Assigned task: Exactly the lines from the one containing "Amazon.co.jp: ジャッカル ダウズスイマー" through the one containing "Graded Pikachu EX" in the listing below are to be copied, with the pictures left out.

Records for processing:
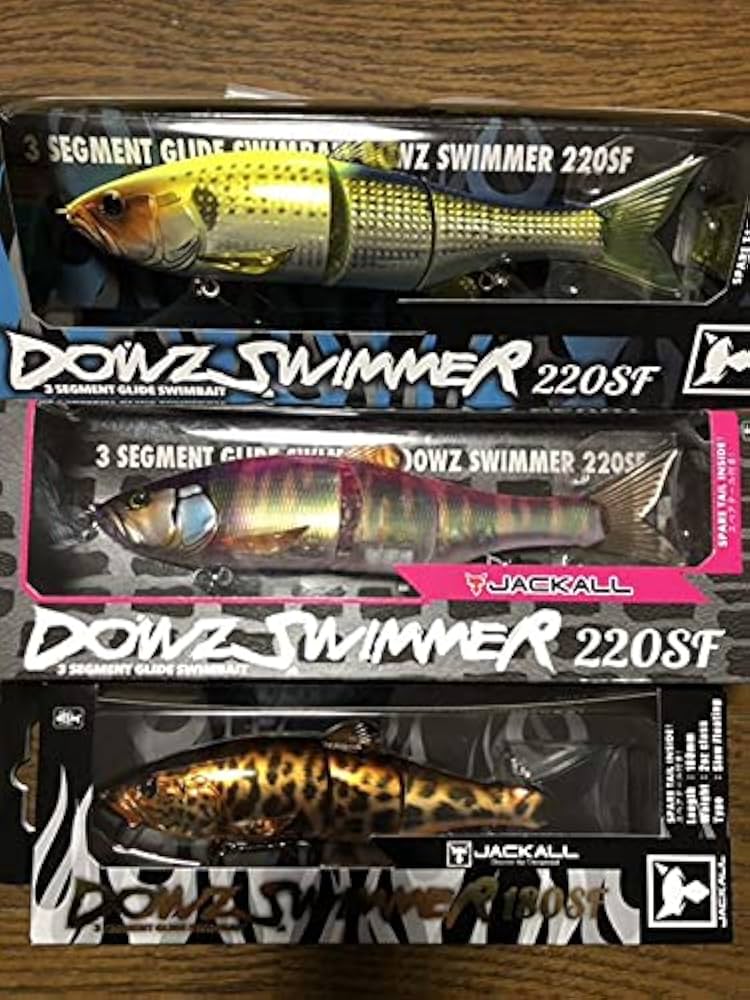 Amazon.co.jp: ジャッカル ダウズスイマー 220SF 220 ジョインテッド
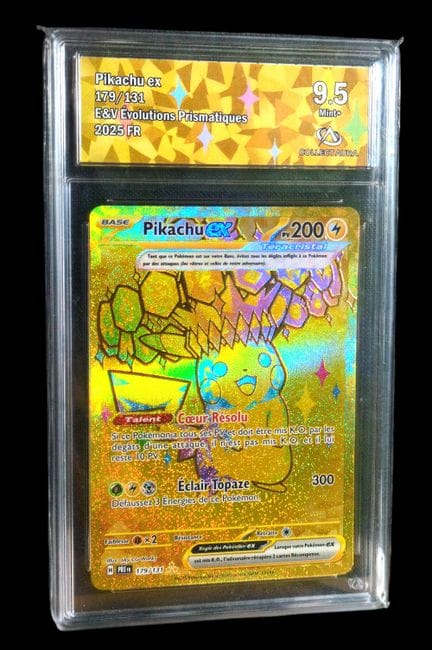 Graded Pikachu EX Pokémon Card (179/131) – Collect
==
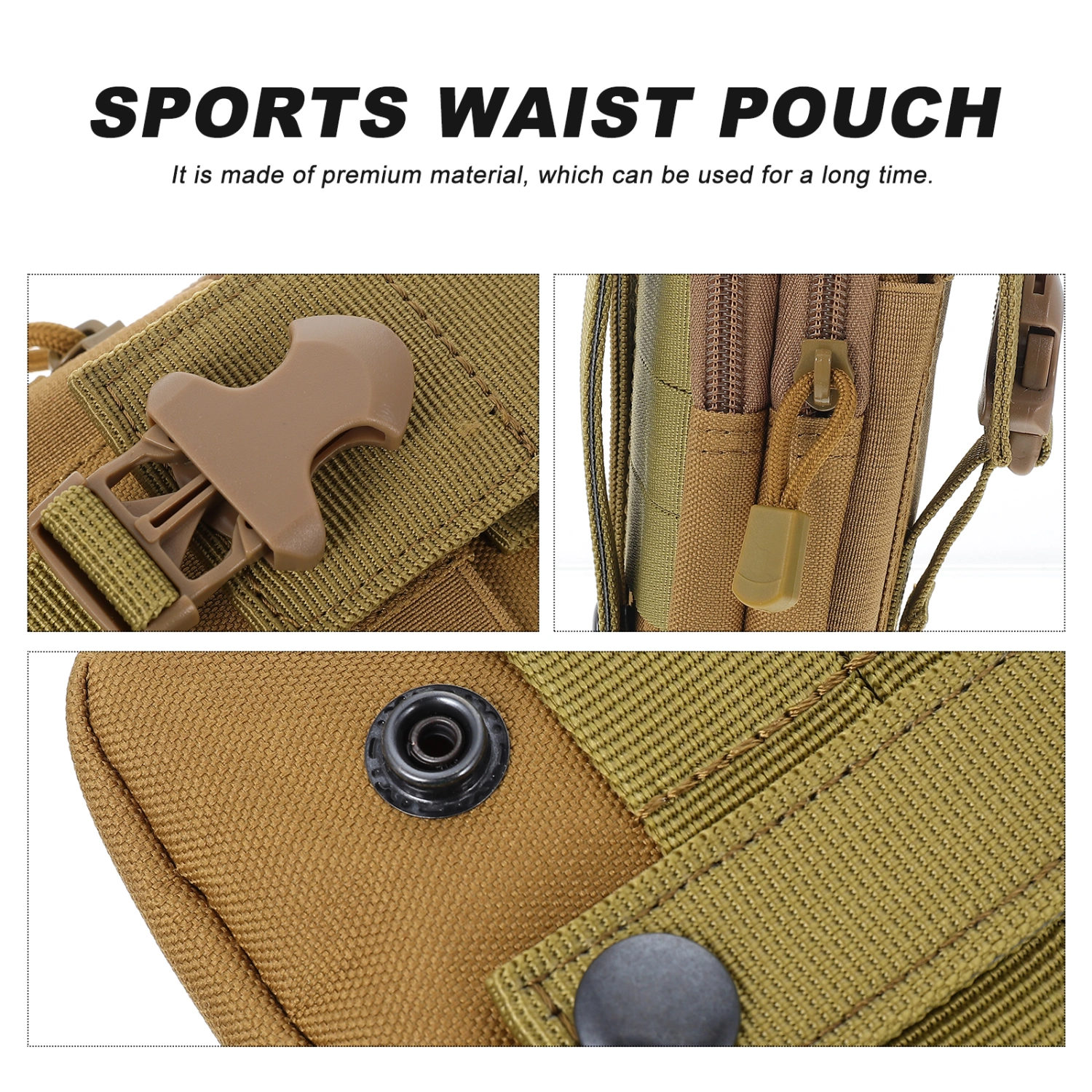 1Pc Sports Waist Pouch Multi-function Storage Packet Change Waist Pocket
...
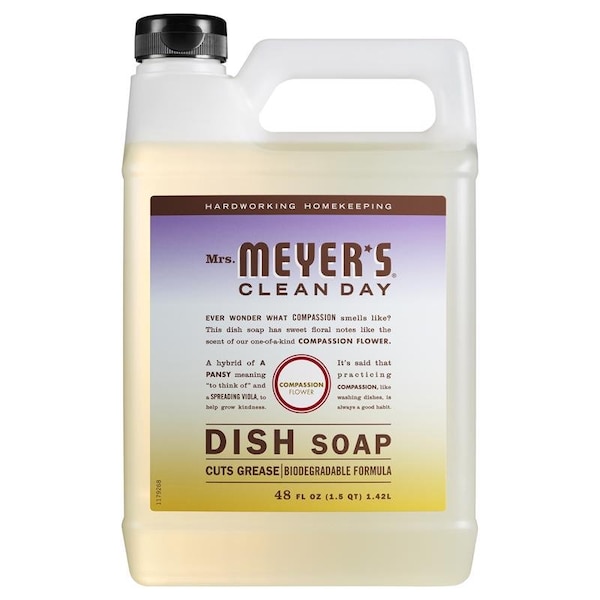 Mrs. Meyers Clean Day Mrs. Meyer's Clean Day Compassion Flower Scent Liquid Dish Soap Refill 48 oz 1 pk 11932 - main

Task answer:
 Amazon.co.jp: ジャッカル ダウズスイマー 220SF 220 ジョインテッド
 Graded Pikachu EX Pokémon Card (179/131) – Collect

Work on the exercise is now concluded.